A renewable energy firm yesterday dismissed as “complete and absolute rubbish” assertions that there is not enough wind speed on New Providence to make this energy form economically feasible for the island, adding that it was “about 50 per cent cheaper” to install than solar panels at the residential level.

Thomas Schneider, chairman of the Bahamas Renewable Energy Corporation (BREC), said in a letter (see Page 3B) to Tribune Business: “Wind Power can and does work in the Bahamas, including in Nassau.

“In fact, wind speeds on New Providence, Nassau, are on average 6.8 m/s (or 15.2 miles per hour) at 150 feet hub height – excluding hurricane data – making it a Class III wind regime similar to most of North America. New Class III wind turbines can easily generate power at low wind speeds with great return on investment.

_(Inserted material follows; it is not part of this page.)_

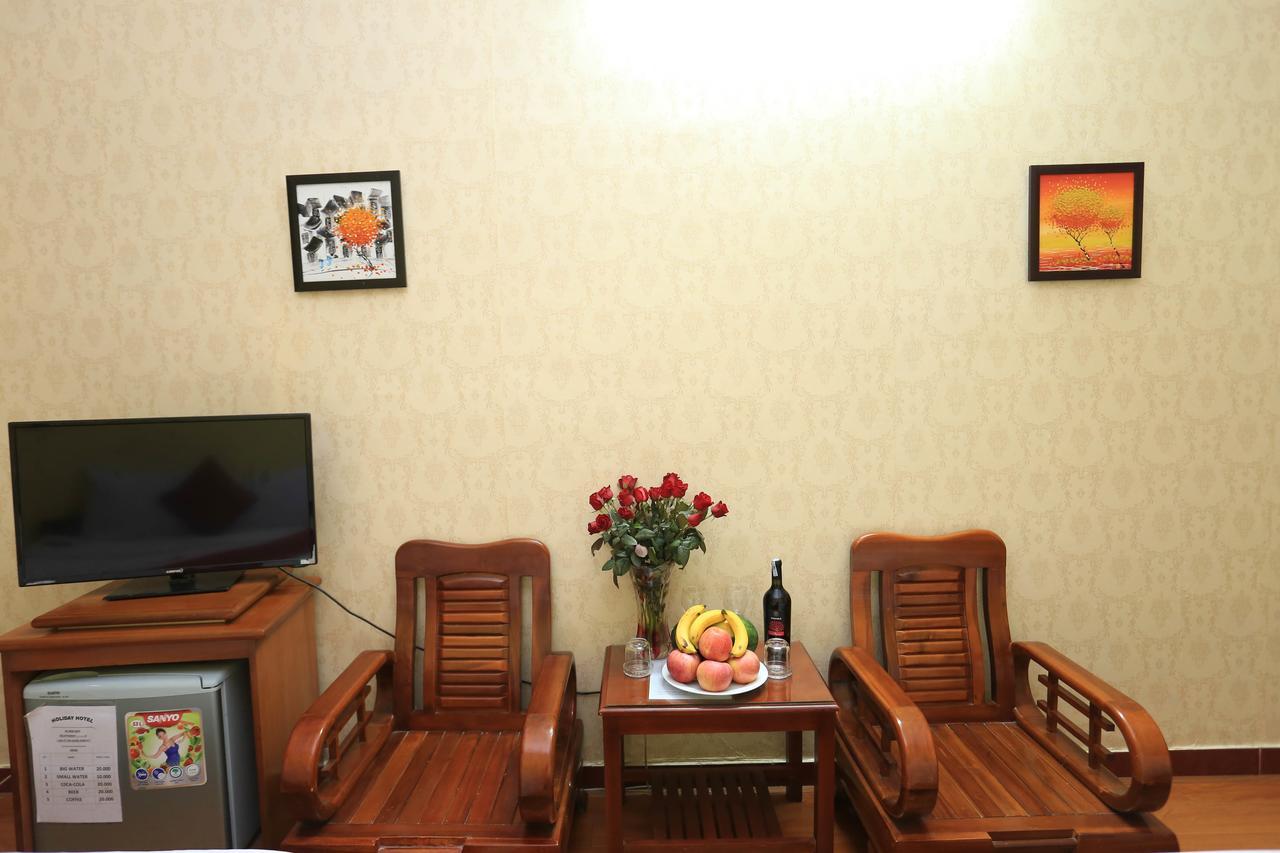 Grand 2 Hotel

“Residential scale wind power also generates more electricity with less use of real estate than solar panels, and is also cheaper to install – about 50 per cent less than the cost of solar panels.

“One small residential wind turbine can generate up to 300 kilowatts of nameplate capacity, equivalent to 1,000 solar panels.”

He was responding to Guilden Gilbert, president of Alternative Power Sources (Bahamas), who told Tribune Business earlier this week that wind energy “wouldn’t be economically feasible” in New Providence due to lack of speed, although its deployment could make sense in the remoter south-eastern Bahamas.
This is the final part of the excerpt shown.